In 2012, complaints about teenagers loitering and heckling patrons prompted a curfew and closed streets. In 2015, a teenager was killed in a robbery attempt outside Europe Night Club.
Then, in 2020, Reign Restaurant opened.
That December, four people were injured in a lengthy shootout just outside its front door. A few months later, liquor control officers reported brazen violations of Reign’s 1:30 a.m. closing time. Alarmed residents put together a petition to pull Reign’s liquor license last summer, but a judge ruled they were short signatures. It took two shootings in a week last August before the city moved to shut Reign down.
But that got residents thinking. What if they could use a special zoning district, as other city commercial districts have, to manage what properties were used for?
‘People are worried about safety’
Residents then talked to Greater St. Louis, which in turn hired professionals from PGAV Planners to survey downtown stakeholders and work with the city to craft a proposal.
Last week, a Greater St. Louis executive and a PGAV planner spoke with the resident-led Downtown Neighborhood Association about zoning changes to build a “dense, safe and vibrant downtown.” Other uses were addressed: No more payday lenders, gas stations or storage facilities. A special review process for new smoking lounges or convenience stores.
But the rules concerning clubs were the main event.
Page, the alderman, who lives in the loft district downtown, liked what he heard.
The violence tied to some clubs has scared off convention-goers and people coming down from St. Louis County who help support downtown businesses, he told the Post-Dispatch.

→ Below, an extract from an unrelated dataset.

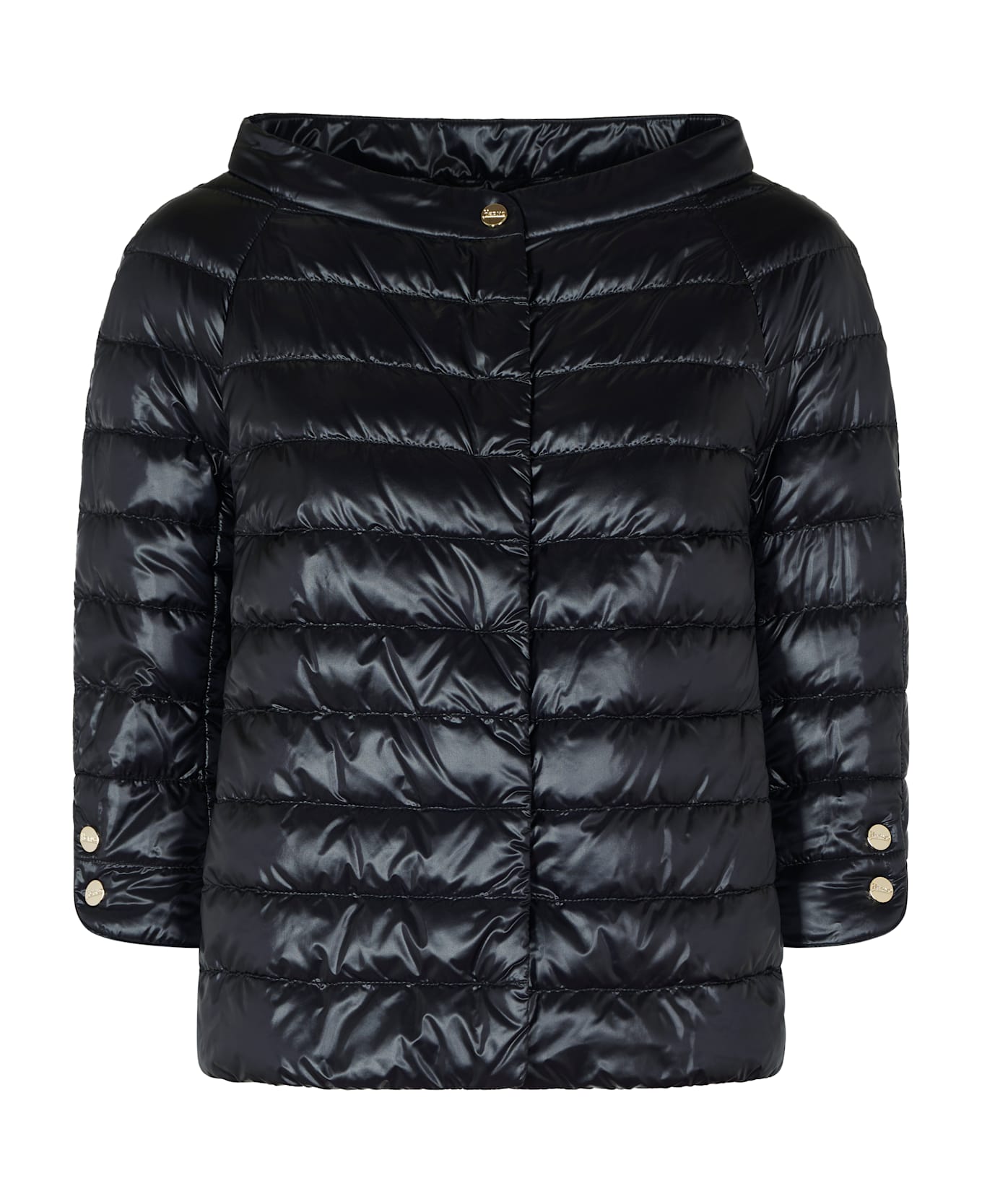 Herno Cropped Padded Jacket - Black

And the noise drives away residents.
“It makes living above those places a living hell,” Page said.
Developers said they liked what they were hearing, too.
“I love it,” said Amos Harris, who lives downtown and developed the Embassy Suites, Laurel Apartments and the MX on Washington Avenue. “We’re desperate in downtown for a change.”
But Sonny Saggar, who ran a private social club near Washington Avenue that drew complaints from the neighborhood association, heard only bad ideas.
“They’re trying to make the downtown area into another part of suburbia,” he said. And it would do nothing, he said, about the root causes of the crime, like guns.
The plan also gave pause to longtime Washington Avenue figure Paul “Pablo” Weiss, of Hot Locust Cantina, the Side Door music club and Kitchen K fame, who still owns the building that houses The Pepper Lounge club on Locust Street. He called the plan a “blunt instrument” that could bring unintended consequences for economic development downtown. He suggested the city consider more stringent enforcement of the liquor license rules it already has.
Michaela Hogue, who lives on Washington Avenue and works at a restaurant there, is willing to try the new plan.
“A lot of people are worried about safety,” she said. “Getting people to come down here is a struggle.”
The proposal is expected to go before the city Planning Commission in the coming months. It would then require approval from the Board of Aldermen and the mayor.